Over four tracks, the Icelandic artist masterfully weaves instinctive lyrics around a masterfully restrained music.

‘dinner alone’ is a journey through grief. Across four tracks, it manifests as existential concern, a fear of being forgotten, a fear that no one will care if you go. Grief feeds introspection, remorse, vulnerability, and can also produce lucid candour. Margret gradually unwraps these qualities in the way she sings and the way she constructs each track.
Structurally, ‘dinner alone’ builds itself upwards from opener ‘waiting’. The stripped down ‘waiting’ is followed by the title track, which remains musically restrained but pushes Margret’s voice to a trembling peak.
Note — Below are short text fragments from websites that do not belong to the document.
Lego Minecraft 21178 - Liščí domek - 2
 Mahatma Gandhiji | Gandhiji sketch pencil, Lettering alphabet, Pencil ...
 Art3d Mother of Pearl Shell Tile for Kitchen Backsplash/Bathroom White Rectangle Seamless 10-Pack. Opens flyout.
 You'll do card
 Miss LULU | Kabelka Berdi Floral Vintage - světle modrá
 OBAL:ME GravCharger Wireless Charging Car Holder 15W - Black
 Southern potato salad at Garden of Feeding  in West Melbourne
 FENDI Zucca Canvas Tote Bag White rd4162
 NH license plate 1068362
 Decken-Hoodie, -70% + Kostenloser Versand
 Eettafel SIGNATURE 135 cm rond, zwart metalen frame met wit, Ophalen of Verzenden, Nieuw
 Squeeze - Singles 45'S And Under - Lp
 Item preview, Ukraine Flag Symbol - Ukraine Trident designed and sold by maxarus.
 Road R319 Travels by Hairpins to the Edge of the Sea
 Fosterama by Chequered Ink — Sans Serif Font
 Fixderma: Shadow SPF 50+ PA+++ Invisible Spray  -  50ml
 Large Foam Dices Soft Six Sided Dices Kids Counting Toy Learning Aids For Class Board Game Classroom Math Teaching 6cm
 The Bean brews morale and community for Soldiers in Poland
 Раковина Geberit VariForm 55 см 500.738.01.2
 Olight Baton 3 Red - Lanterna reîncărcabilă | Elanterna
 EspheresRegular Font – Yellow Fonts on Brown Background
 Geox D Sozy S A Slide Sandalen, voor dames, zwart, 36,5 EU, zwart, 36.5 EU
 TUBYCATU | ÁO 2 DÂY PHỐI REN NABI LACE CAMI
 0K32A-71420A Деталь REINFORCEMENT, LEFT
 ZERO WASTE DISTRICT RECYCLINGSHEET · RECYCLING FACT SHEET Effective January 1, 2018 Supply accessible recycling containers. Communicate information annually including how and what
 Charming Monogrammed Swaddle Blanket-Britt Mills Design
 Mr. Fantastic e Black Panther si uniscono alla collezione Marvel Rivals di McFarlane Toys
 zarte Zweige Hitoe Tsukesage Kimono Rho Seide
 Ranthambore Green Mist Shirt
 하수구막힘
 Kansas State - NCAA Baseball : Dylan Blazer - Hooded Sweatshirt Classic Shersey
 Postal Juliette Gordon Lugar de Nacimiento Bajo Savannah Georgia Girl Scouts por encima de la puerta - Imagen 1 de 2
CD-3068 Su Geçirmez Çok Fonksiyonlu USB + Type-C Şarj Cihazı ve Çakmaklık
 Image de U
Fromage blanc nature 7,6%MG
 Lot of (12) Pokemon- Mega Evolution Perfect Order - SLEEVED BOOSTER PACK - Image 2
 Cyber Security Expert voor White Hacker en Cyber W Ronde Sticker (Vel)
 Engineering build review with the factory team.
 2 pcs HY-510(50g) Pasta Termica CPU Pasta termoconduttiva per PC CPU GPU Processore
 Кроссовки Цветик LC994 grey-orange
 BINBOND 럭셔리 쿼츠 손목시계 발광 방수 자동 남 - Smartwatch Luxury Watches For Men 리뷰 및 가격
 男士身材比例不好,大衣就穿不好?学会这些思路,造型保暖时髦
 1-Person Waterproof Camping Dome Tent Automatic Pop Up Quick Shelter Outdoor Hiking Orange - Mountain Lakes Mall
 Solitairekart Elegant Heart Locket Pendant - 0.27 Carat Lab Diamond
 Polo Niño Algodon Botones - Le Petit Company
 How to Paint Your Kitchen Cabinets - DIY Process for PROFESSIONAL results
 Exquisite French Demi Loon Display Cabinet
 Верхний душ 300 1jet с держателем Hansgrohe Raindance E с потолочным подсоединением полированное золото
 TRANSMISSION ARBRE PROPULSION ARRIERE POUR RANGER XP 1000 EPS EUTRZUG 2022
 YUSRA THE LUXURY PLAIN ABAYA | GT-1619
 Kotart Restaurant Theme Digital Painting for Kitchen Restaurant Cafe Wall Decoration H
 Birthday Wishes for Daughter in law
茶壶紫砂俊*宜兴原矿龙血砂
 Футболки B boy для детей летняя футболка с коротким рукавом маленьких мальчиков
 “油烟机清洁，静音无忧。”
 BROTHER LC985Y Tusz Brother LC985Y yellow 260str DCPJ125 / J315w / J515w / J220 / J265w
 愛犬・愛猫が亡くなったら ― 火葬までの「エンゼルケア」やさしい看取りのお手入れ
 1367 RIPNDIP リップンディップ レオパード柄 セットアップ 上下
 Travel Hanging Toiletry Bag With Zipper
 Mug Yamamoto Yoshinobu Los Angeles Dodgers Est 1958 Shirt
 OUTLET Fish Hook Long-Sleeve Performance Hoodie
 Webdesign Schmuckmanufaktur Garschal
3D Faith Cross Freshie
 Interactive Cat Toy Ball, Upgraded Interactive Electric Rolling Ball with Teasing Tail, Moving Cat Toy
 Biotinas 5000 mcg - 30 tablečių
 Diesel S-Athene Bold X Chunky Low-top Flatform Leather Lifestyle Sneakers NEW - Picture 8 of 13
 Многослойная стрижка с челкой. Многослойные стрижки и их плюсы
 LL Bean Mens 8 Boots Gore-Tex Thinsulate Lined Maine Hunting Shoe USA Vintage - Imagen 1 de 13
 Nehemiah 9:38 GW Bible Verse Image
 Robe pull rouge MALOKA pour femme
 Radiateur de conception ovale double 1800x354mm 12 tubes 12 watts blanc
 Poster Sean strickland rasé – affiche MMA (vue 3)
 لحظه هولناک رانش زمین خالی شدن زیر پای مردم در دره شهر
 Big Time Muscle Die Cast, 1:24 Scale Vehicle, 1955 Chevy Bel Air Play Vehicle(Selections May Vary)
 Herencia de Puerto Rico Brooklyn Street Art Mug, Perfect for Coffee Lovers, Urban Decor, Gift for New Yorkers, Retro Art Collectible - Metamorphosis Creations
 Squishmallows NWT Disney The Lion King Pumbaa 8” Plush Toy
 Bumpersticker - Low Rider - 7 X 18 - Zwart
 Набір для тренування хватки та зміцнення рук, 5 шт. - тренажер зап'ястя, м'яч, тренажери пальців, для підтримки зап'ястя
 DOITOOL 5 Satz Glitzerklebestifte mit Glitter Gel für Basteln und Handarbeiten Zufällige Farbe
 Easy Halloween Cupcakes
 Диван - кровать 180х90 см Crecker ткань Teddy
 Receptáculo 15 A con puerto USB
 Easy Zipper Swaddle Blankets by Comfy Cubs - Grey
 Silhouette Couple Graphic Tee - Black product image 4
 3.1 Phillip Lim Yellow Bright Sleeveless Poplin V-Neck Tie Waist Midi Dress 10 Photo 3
As she sings, “My skin’s burning and I don’t feel like moving on, the rain kept on raining, on and on and on”, accompanied by piano, it paints around her a bowl of sadness.
When the EP reaches ‘i went outside’, it has established itself fully as a despondent, tearful assembly of Margret’s straight-from-the-hip verbalization. ‘i went outside’ has a more fleshed out arrangement and is nonchalantly delivered as if two songs merged into one. A familiarly folksy atmosphere transitions into a gentle shoegaze groove, which carries the song rockily towards its close. It is a crucial interval, clearing the palette for ‘two scars.’
“Two scars on my face,
My mother’s eyes,
I know I don’t talk,
I only hear her cry.”
Margret’s candour comes to the fore as she gives an insight into a hurtful memory. Here, she is capable of relying solely on her voice to convey the hurt. The lyrics are short and blunt, feeling like a careful curation of recollections. That voice gives these fragmented lines a character, guiding us intuitively through words that would otherwise be difficult to decipher.